D RELATED WORK D.1 THE ROLE OF TRANSFORMATIONS IN CONTRASTIVE LEARNING

Recent work on contrastive learning, initiated by the development of Contrastive Predictive Coding (van den Oord et al., 2018; Hénaff et al., 2019) , has progressively moved the transformations to a more central position in understanding and improving these approaches. In Bachman et al. (2019) , multiple views of a context are extracted, on images this utilizes repeated data augmentation such as random resized crop, random colour jitter, and random conversion to grayscale, and the model is trained to maximize information between these views using an InfoNCE style objective. Other approaches are possible, for instance Tian et al. (2019) obtained multiple views of images using Lab colour decomposition. In SimCLR (Chen et al., 2020a; b) , the approach of applying multiple data augmentations (including flip and blur, as well as crops, colour jitter and random grayscale) and using an InfoNCE objective was simplified and streamlined, and the central role of the augmentations was emphasized. By changing the set of transformation operations used, Chen et al. (2020c) were able to improve their contrastive learning approach and achieve excellent performance on downstream detection and segmentation tasks. Tian et al. (2020) studied what the best range of transformations for contrastive learning is. The authors found that there is a 'sweet spot' in the strength of transformations applied in contrastive learning, with transformations that are too strong or weak being less favourable. Winkens et al. (2020) showed that contrastive methods can be successfully applied to out-of-distribution detection. We note that for tasks such as out-of-distribution detection, transformation covariance may be a more relevant property than invariance.

D.2 GRADIENT REGULARIZATION TO ENFORCE LIPSCHITZ CONSTRAINTS

Constraining a neural network to be Lipschitz continuous bounds how quickly its output can change as the input changes.
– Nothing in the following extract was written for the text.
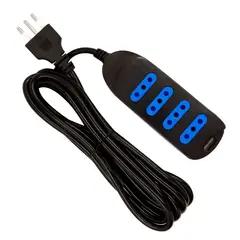 DBLUE - Alargador Eléctrico 4 Tomas 5m Protección Sec Negro - SC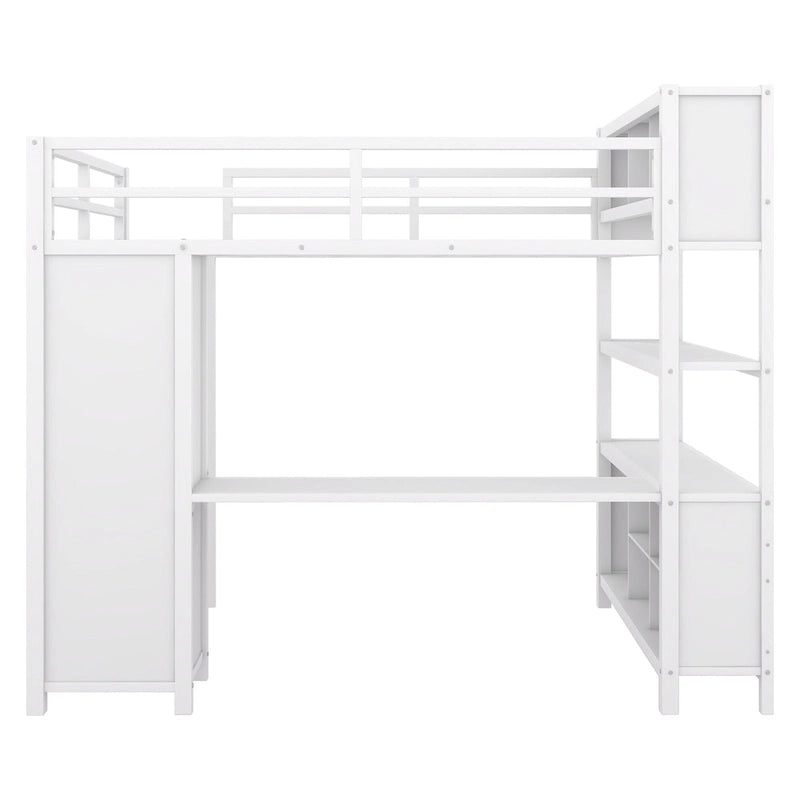 Off White Full Size Metal Loft Bed with Wardrobe, L-shaped Desk, and Storage Cubes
In supervized learning, a small Lipschitz constant has been shown to lead to better generalization (Sokolić et al., 2017) and improved adversarial robustness (Cisse et al., 2017; Tsuzuku et al., 2018) . One practical method for constraining the Lipschitz constant is gradient regularization (Drucker & Le Cun, 1992; Gulrajani et al., 2017) . Lipschitz constraints have also been applied in a self-supervized context: in Ozair et al. (2019) , the authors used a Wasserstein dependency measure in a contrastive learning setting by using gradient penalization to ensure that the function x, x → s φ (f θ (x), f θ (x )) is 1-Lipschitz. Our work uses a gradient regularizer to control how quickly representations can change, but unlike existing work we focus on how representations change with α as x is fixed, instead of how they change with x.

D.3 GROUP INVARIANT NEURAL NETWORKS

A large body of recent work has focused on designing neural network architectures that are perfectly invariant, or equivariant, to a set of transformations T in the case when T forms a group. Cohen & Welling (2016) showed how convolutional neural networks can be generalized to have equivariance to arbitrary group transformations applied to their inputs. This can apply, for instance, to rotation groups on the sphere (Cohen et al., 2018) , rotation and translation groups on point clouds (Thomas et al., 2018) , and permutation groups on sets (Zaheer et al., 2017) . Transformations that form a group cannot remove information from the input (because they must be invertible) and can be composed in any order. This means that the more general transformations considered in our work cannot form a group-they cannot be composed (repeated decreasing of brightness to zero is not allowed) nor inverted (crops are not invertible). We have therefore considered methods that improve invariance under much more general transformations. 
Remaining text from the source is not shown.